Records from a data source:
=-=-=
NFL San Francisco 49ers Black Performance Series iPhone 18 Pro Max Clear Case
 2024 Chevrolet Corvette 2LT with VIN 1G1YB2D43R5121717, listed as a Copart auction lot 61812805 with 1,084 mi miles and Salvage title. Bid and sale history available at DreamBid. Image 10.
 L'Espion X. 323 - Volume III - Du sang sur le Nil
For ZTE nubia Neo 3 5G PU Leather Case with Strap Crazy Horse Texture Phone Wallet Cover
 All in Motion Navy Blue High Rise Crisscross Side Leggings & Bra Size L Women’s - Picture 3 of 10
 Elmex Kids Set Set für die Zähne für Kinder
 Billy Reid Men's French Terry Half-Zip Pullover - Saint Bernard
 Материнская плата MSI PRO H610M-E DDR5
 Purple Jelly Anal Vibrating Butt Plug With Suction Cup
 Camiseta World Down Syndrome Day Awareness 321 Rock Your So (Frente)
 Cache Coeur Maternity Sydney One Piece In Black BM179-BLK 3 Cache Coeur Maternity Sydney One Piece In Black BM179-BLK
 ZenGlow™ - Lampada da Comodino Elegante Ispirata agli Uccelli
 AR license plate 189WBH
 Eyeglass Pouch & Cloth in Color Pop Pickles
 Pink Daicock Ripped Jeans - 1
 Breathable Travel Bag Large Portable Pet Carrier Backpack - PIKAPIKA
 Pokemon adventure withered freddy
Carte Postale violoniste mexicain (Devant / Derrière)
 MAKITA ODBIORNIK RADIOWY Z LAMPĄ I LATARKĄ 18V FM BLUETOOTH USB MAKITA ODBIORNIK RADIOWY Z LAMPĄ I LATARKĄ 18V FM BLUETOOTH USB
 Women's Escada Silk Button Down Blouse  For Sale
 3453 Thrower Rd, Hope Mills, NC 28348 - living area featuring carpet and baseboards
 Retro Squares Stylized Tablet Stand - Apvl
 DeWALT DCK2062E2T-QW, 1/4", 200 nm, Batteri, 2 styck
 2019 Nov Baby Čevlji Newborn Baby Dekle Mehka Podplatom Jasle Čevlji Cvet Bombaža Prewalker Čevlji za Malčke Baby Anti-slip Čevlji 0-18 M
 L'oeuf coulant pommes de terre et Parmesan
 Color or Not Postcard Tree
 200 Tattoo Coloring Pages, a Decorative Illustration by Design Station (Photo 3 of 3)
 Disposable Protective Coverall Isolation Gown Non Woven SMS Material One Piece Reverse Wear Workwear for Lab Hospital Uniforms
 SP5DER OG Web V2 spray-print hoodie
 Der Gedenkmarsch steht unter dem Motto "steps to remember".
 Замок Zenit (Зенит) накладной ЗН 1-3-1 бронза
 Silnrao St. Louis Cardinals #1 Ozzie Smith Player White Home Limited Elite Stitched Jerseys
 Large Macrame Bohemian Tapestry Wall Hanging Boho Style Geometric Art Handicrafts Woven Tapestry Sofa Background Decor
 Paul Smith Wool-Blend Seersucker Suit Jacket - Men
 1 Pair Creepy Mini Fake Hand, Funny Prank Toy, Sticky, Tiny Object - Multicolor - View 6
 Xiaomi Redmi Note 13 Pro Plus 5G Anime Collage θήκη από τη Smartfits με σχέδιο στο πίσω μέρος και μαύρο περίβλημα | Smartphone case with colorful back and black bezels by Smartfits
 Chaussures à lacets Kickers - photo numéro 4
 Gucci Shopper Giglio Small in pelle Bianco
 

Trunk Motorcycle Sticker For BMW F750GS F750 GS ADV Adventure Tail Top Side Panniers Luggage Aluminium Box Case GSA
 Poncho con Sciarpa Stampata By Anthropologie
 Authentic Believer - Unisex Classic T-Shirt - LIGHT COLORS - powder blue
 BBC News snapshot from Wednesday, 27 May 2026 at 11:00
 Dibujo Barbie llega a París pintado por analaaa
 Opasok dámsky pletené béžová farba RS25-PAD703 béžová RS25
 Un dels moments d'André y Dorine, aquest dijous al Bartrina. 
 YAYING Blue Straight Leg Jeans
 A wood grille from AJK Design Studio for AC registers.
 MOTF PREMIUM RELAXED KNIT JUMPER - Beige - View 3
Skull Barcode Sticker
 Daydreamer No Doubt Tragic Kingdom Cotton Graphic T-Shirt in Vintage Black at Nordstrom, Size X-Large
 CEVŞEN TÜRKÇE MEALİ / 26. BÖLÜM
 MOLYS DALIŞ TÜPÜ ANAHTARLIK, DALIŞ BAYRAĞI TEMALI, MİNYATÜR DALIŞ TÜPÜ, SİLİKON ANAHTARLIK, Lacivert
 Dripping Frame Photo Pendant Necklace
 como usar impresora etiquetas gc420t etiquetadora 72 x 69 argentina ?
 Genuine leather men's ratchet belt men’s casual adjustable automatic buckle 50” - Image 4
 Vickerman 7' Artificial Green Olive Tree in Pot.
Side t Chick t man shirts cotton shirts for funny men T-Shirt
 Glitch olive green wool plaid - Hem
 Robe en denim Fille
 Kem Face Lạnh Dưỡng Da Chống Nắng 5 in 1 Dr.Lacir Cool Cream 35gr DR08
=-=-=
▶ _TASK PROMPT_
The lines to return begin at the first line of the records and end at the line holding "Cache Coeur Maternity Sydney One Piece In Black BM179-BLK 3"; please return them exactly, including both, and nothing beyond.

▶ _SOLUTION_
NFL San Francisco 49ers Black Performance Series iPhone 18 Pro Max Clear Case
 2024 Chevrolet Corvette 2LT with VIN 1G1YB2D43R5121717, listed as a Copart auction lot 61812805 with 1,084 mi miles and Salvage title. Bid and sale history available at DreamBid. Image 10.
 L'Espion X. 323 - Volume III - Du sang sur le Nil
For ZTE nubia Neo 3 5G PU Leather Case with Strap Crazy Horse Texture Phone Wallet Cover
 All in Motion Navy Blue High Rise Crisscross Side Leggings & Bra Size L Women’s - Picture 3 of 10
 Elmex Kids Set Set für die Zähne für Kinder
 Billy Reid Men's French Terry Half-Zip Pullover - Saint Bernard
 Материнская плата MSI PRO H610M-E DDR5
 Purple Jelly Anal Vibrating Butt Plug With Suction Cup
 Camiseta World Down Syndrome Day Awareness 321 Rock Your So (Frente)
 Cache Coeur Maternity Sydney One Piece In Black BM179-BLK 3 Cache Coeur Maternity Sydney One Piece In Black BM179-BLK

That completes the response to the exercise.